Your instructions: Exactly as they appear, retype the lines from the one containing "Haus und Garage" through the final line of the data below. Leave pictures out.

Given material:
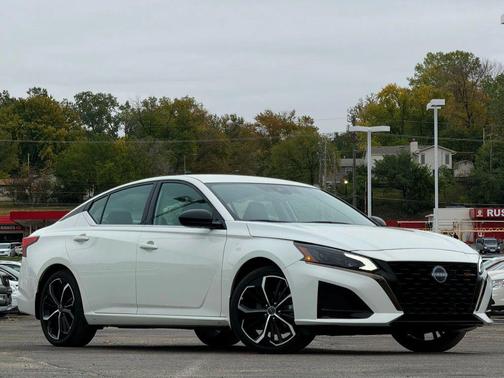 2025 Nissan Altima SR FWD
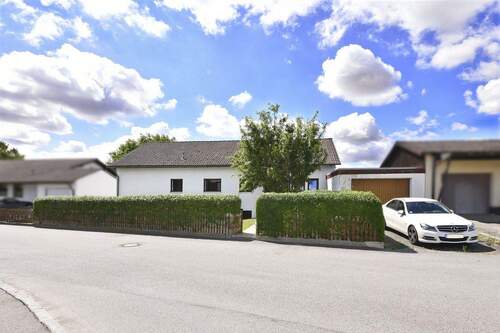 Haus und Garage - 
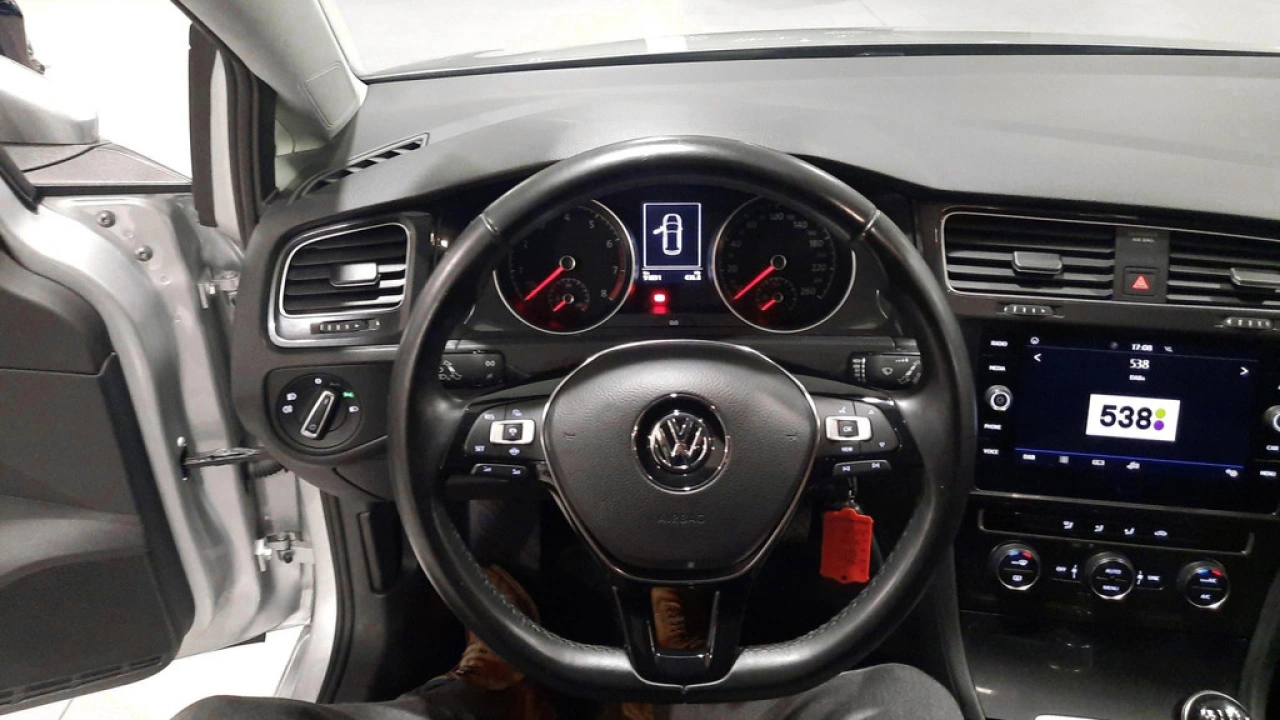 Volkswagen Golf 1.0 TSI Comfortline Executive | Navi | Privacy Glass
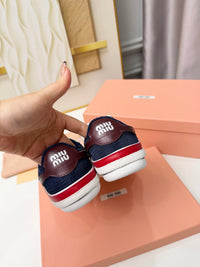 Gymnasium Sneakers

Answer for the task:
 Haus und Garage - 
 Volkswagen Golf 1.0 TSI Comfortline Executive | Navi | Privacy Glass
 Gymnasium Sneakers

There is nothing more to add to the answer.